Nunca escondi a admiração por aqueles seres iluminados pelo amor à arte que, nesse caso, o ator encarnava como poucos

Por Fernando Dourado Filho, de São Paulo

Dia desses escrevi aqui sobre as maravilhas do espaço cênico e da dramaturgia no desenvolvimento de habilidades de comunicação e liderança (relembre o post aqui). Quando o fiz, não por acaso, tinha em mente atores e atrizes de todos os naipes, consagrados ou não. Nesse contexto de conclusões nem sempre explícitas, me movia um carinho especial por aqueles que se notabilizam também por cantar, dançar e que, não raro, tiveram seus primórdios na versátil escola circense. 

O ator Domingos Montagner (foto), desaparecido na tarde desta quinta (15), era a referência mais imediata que me ocorria de artista completo. Tendo passado a infância de frente ao aterro onde se armavam os circos na cidade do Recife – e aqui falo do Tihany, Bartollo, Garcia e Orlando Orffei, para me ater só aos mais notórios –, nunca escondi a admiração por aqueles seres iluminados pela força física, disciplina férrea e amor à arte que, nesse caso, o ator da Globo encarnava como poucos. 
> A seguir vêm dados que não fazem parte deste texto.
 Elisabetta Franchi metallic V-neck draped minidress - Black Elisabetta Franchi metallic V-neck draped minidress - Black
Espectador esporádico da última novela que o tem como protagonista, enredo que explora a pleno as inúmeras aptidões de uma vida transbordante de tônus cênico, talento e energia, cheguei ao computador nessa tarde e vi, consternado, que Domingos Montagner, a essa hora, está desaparecido no São Francisco. Se nunca consegui digerir os caprichos da fatalidade, hoje como ontem só me restará a perplexidade perante notícia tão brutal quanto descabida. Pobre Brasil. 
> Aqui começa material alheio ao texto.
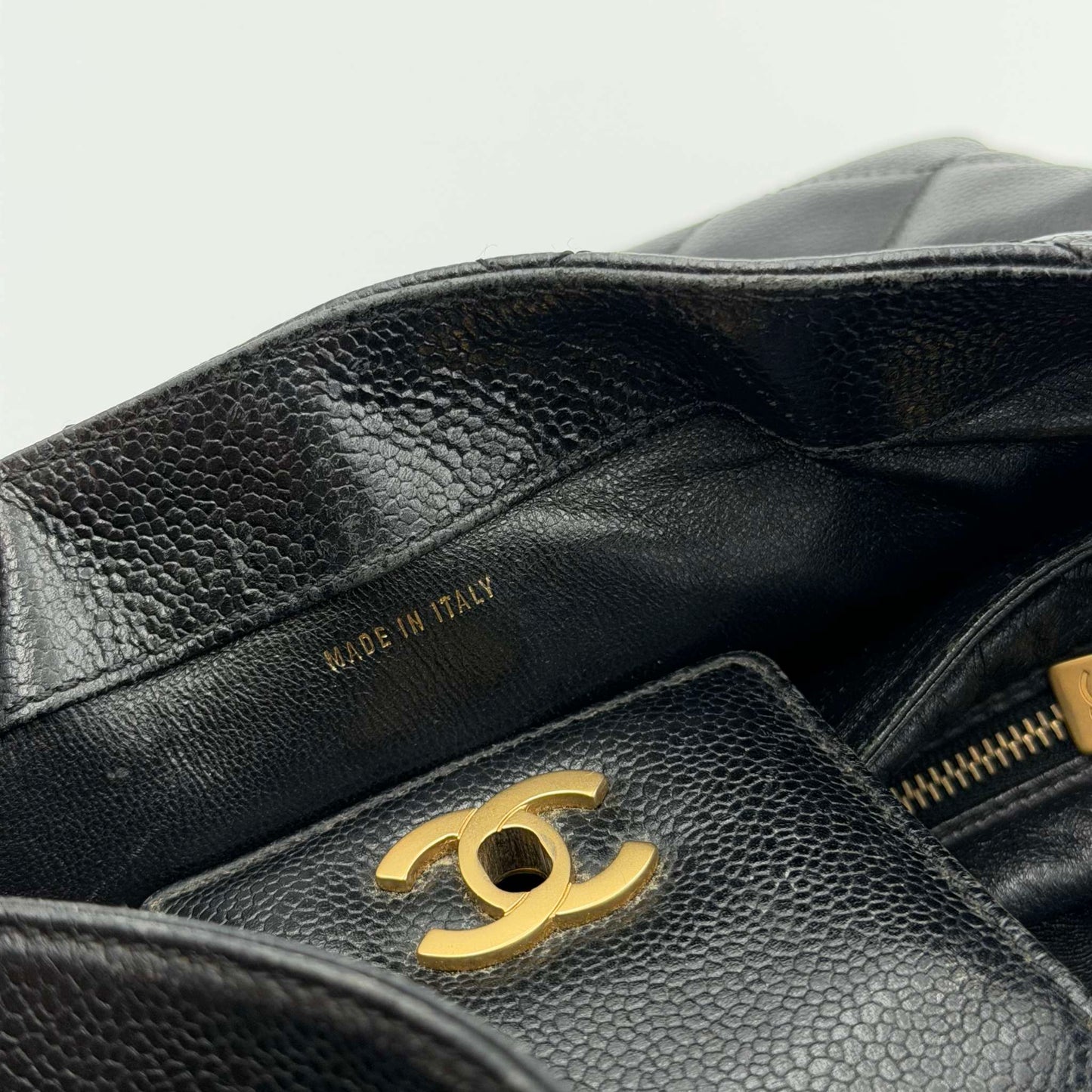 2002 Chanel CC Classic Black Caviar Shoulder Bag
Caudatário das amizades que fiz ao longo do Velho Chico – de Bom Jesus da Lapa, na Bahia, a Penedo, em Alagoas, colecionei caras recordações –, Domingos não foi o primeiro caso de que tenho notícia em que o rio urdiu sortilégios e tragou para o fundo alguns de seus filhos mais devotados.  O que é desconcertante é que a vida imite a arte de forma tão irônica posto que, recentemente, ele teria "desaparecido" na urdidura de uma das cenas mais dramáticas da novela da Globo. 

Da primeira vez, no plano artístico, Domingos voltou à tona são e salvo para os braços de Camila Pitanga. Dessa vez, apesar da bravura, do destemor, da força física e do estado de comunhão com o rio que, imagino, se tornou sua casa, a fatalidade parece ter engendrado uma armadilha traiçoeira e eis que o Brasil pode ser privado de uma de suas personalidades artísticas mais singulares. Ator de verdade e artista multifacetado, eis um espaço em que ele pontifica único e sem rivais. Não podia ser maior minha dor.

Assim como não pode ser maior a torcida para que, imitando a arte ou não, o destino o restitua tal como estava nesta manhã: pleno e feliz. Mas parece que será difícil.